In this repository, I developed an unsupervised Machine Learning (ML) algorithm using k-means clustering and Density-Based Spatial Clustering of Applications with Noise (DBSCAN) to detect and characterize combustion-driven source regimes for PM2.5. The algorithm calculates the duration and emission rate of PM2.5 within these regimes. This approach is feasible due to the unique temporal patterns exhibited by PM2.5 concentrations during source emission regimes compared to other courses. The absence of labeled data on PM2.5 sources necessitated an unsupervised learning framework. This research is a side part of the Mahdavi et al. (2021) paper published in "Environmental Pollution" where PM concentrations were measured using optical sensors in a single-family home for a duration of close to 6 weeks in Summer 2018. The full-length article can be found in the "About" section.

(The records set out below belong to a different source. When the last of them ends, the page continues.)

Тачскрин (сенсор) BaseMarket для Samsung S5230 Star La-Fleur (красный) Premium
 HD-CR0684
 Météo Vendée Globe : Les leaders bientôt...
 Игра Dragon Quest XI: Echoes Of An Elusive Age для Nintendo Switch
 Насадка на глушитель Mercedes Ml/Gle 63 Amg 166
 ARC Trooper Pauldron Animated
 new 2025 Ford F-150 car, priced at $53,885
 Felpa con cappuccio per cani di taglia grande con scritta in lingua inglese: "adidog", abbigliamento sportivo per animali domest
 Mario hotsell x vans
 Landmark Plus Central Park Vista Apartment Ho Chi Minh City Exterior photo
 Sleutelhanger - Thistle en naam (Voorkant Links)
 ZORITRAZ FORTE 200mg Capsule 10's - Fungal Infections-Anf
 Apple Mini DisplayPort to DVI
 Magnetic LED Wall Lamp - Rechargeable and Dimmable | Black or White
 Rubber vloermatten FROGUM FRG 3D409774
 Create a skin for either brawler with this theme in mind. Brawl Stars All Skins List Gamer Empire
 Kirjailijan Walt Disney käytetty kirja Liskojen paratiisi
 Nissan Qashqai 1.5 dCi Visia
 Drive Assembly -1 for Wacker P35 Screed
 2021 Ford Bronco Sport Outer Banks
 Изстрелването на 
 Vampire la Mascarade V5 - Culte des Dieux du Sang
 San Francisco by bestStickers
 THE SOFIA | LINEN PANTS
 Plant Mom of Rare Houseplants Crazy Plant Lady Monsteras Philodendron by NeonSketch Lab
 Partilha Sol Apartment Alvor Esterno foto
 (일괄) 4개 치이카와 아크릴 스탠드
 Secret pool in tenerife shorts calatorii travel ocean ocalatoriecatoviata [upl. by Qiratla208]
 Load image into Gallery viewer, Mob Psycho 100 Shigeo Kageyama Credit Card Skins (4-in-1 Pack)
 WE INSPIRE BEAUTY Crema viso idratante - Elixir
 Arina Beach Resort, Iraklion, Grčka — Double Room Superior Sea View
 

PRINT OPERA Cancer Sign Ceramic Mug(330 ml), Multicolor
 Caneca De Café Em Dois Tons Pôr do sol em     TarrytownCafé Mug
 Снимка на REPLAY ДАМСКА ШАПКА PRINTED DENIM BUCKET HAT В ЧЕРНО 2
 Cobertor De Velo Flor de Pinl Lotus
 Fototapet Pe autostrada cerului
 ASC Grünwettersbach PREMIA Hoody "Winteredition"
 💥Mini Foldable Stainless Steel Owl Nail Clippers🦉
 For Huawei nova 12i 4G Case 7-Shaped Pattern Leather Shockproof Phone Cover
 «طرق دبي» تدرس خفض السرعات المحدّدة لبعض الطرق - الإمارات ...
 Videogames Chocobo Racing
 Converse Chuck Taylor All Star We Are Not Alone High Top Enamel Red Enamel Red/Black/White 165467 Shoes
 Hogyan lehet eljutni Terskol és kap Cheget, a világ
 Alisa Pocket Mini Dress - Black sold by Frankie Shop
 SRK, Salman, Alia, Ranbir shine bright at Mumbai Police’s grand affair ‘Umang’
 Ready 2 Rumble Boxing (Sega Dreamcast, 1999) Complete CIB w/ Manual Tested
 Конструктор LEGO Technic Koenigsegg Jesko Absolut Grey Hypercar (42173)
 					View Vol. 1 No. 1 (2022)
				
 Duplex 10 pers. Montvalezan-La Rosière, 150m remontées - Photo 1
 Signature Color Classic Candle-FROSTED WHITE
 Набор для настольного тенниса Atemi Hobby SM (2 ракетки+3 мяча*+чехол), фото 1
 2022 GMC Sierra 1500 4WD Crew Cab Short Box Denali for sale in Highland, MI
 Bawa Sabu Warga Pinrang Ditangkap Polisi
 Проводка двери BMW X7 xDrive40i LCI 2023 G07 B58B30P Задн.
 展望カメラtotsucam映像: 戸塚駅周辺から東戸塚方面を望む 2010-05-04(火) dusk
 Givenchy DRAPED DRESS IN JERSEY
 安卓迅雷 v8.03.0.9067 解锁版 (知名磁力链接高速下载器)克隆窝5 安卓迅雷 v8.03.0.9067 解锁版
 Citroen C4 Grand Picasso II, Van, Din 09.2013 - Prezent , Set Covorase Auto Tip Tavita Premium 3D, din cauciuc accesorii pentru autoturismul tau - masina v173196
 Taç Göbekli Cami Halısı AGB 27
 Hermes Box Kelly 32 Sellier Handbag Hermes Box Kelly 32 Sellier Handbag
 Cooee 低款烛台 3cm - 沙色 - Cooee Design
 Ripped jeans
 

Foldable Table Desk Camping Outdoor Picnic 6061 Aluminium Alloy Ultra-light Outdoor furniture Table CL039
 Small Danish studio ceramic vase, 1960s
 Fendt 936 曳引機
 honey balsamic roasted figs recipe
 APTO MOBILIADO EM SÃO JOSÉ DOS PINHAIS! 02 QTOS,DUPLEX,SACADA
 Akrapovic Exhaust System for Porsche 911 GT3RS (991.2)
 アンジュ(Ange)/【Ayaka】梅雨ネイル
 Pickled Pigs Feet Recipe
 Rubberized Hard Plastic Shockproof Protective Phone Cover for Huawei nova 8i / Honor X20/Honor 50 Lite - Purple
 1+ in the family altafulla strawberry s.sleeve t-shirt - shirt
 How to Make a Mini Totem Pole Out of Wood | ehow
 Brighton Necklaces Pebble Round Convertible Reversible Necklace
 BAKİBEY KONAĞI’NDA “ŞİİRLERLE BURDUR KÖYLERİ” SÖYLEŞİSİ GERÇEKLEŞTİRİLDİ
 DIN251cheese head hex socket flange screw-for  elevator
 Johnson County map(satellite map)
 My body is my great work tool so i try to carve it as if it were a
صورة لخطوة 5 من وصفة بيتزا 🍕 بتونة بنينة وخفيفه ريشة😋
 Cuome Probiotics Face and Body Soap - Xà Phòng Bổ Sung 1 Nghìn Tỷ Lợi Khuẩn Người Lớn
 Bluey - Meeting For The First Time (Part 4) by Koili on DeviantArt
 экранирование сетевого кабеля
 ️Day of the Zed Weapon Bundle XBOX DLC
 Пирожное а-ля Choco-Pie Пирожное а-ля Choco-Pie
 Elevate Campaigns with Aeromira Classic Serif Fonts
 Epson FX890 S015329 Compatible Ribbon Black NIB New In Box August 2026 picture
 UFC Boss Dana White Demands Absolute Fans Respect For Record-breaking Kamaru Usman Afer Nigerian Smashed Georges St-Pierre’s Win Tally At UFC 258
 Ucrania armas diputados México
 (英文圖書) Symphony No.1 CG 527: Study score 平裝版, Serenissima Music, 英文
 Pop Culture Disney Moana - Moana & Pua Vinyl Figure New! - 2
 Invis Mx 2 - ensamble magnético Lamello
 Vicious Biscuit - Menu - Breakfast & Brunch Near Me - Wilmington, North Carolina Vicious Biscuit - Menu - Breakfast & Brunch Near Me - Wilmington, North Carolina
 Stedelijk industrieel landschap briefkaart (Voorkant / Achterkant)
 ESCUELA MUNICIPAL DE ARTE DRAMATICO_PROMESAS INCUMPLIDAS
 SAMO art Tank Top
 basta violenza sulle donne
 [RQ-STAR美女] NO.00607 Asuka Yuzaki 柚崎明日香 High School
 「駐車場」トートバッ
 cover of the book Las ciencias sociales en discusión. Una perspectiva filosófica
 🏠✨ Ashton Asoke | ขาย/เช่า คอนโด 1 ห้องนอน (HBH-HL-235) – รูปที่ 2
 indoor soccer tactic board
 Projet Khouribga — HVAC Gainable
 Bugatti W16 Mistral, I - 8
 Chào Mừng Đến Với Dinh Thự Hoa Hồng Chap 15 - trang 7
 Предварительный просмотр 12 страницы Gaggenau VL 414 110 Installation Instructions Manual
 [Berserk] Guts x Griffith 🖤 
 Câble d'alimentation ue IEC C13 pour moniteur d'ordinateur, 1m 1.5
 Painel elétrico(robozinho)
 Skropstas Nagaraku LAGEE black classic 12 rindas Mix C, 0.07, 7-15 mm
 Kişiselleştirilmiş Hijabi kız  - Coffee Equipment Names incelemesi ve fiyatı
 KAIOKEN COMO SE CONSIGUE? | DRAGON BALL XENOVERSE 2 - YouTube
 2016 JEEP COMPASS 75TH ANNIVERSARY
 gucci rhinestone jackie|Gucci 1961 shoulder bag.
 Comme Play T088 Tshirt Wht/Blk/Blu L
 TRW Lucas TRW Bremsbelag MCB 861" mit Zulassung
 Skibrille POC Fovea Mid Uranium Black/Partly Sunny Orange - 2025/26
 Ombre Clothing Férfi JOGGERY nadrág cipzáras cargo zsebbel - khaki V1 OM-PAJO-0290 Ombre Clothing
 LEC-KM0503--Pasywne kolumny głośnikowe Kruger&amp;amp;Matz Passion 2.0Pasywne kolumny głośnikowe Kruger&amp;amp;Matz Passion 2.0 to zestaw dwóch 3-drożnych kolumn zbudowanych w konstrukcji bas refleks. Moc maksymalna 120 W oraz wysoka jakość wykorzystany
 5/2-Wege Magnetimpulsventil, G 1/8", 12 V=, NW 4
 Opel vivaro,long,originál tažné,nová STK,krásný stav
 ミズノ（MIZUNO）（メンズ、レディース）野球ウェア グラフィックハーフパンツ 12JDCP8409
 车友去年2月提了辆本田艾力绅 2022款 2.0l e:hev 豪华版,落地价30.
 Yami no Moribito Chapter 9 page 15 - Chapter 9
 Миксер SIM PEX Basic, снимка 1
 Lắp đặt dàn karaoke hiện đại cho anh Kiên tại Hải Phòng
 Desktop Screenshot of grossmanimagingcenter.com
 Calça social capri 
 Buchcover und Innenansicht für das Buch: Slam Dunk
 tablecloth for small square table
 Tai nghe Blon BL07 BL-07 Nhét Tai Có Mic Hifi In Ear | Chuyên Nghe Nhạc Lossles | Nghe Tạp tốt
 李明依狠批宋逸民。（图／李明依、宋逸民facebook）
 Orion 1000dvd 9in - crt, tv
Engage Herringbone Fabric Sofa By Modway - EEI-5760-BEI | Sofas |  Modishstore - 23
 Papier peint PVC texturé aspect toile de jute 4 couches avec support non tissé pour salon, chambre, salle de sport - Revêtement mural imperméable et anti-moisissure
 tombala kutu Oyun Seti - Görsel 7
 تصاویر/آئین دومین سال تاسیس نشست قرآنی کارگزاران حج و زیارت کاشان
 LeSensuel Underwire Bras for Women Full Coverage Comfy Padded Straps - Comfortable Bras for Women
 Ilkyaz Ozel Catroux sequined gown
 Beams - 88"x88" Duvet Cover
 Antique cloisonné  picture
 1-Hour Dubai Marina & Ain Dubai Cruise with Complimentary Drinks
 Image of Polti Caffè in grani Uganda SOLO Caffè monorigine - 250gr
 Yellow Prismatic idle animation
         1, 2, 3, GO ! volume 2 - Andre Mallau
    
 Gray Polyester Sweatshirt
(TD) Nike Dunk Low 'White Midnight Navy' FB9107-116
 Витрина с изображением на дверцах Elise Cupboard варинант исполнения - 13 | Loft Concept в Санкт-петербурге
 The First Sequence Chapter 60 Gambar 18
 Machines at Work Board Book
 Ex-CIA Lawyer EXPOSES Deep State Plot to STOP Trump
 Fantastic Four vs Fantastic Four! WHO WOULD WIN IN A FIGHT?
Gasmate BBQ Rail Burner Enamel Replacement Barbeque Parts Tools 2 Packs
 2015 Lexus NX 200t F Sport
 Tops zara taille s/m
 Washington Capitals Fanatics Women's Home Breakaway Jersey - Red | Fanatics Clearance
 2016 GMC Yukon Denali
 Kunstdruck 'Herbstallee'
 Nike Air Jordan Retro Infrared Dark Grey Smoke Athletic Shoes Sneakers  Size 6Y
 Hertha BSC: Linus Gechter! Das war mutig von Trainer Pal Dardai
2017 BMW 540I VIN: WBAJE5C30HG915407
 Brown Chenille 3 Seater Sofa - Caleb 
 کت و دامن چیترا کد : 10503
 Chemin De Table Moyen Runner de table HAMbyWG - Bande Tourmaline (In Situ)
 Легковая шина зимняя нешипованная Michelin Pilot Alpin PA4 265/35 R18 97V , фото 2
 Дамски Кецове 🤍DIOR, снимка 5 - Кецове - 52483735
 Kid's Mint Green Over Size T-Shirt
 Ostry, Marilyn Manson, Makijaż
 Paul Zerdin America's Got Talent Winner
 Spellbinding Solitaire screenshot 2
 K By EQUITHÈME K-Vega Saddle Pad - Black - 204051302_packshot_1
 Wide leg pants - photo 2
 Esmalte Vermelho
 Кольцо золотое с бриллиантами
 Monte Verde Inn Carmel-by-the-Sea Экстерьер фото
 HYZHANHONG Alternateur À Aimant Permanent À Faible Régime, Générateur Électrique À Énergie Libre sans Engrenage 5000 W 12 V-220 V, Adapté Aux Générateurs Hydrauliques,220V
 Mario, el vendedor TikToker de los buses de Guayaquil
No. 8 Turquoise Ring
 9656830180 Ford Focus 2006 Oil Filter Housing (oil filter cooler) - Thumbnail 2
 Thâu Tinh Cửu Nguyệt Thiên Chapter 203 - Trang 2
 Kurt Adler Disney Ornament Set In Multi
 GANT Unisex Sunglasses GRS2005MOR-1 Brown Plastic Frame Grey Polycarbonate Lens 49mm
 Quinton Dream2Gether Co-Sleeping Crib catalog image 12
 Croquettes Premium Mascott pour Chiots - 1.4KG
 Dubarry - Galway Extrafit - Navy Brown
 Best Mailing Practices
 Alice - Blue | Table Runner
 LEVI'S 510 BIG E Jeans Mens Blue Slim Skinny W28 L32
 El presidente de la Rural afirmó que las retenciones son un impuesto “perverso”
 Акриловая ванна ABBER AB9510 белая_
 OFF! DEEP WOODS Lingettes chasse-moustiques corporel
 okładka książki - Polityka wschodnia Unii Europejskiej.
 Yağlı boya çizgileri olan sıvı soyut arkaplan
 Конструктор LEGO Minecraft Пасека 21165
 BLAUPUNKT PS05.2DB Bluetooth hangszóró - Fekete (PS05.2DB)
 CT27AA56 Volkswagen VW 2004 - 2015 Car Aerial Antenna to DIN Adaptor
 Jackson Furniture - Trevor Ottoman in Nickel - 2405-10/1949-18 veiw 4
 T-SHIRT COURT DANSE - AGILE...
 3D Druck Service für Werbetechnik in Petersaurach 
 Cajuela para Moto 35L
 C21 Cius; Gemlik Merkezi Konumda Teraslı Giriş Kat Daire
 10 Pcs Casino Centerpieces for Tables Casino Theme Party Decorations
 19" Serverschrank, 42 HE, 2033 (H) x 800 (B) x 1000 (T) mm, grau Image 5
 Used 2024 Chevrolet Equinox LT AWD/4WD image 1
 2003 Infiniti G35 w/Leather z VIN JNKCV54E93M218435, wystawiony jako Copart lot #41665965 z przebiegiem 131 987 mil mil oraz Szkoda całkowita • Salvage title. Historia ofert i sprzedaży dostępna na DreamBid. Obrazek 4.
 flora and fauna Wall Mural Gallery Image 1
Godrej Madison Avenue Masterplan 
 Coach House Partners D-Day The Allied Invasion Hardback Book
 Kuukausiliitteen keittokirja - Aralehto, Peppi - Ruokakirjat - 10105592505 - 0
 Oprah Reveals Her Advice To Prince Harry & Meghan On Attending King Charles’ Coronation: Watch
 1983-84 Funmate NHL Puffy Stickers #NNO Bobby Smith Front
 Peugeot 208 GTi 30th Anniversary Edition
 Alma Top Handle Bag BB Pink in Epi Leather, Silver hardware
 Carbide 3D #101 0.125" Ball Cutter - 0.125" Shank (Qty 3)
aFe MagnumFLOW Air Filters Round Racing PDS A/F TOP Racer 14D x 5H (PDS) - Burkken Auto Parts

Brief Abstract to the Work

After measuring PM2.5 and other particulate metrics (such as total suspended particles (TSP), PM10, and PM1) using a TSI DustTrak particle monitor over a six-week period, the minutely time-series concentrations were analyzed. Key features were extracted, including concentration, rate of change in concentration, outdoor concentration, nearby peak concentrations, proximity to baseline levels, wind speed and direction (impacting air exchange rate), and HVAC runtime status. These features were used to identify source, decay, and baseline clusters, with the source clusters determined using k-means and/or DBSCAN unsupervised machine learning (ML) algorithms.

Results indicated that k-means and DBSCAN are effective for identifying extended source emission durations for PM2.5. Algorithms using fewer features (e.g., concentration and its rate of change) significantly outperformed those using multiple features, even after dimensionality reduction techniques such as principal component analysis (PCA) or t-distributed stochastic neighbor embedding (t-SNE). Estimated durations of extensive source emissions were 1.2% and 2.9% by k-means and DBSCAN, respectively, showing that high-emission events, such as cooking, are typically brief—a finding consistent with survey data. However, DBSCAN slightly overestimated durations, likely capturing normal concentration increases from other sources, such as exterior infiltration.

The characterization of source regimes by unsupervised ML algorithms can subsequently inform mass balance equations, supporting IAQ experts with more accurate estimates of indoor particle concentrations and emission rates.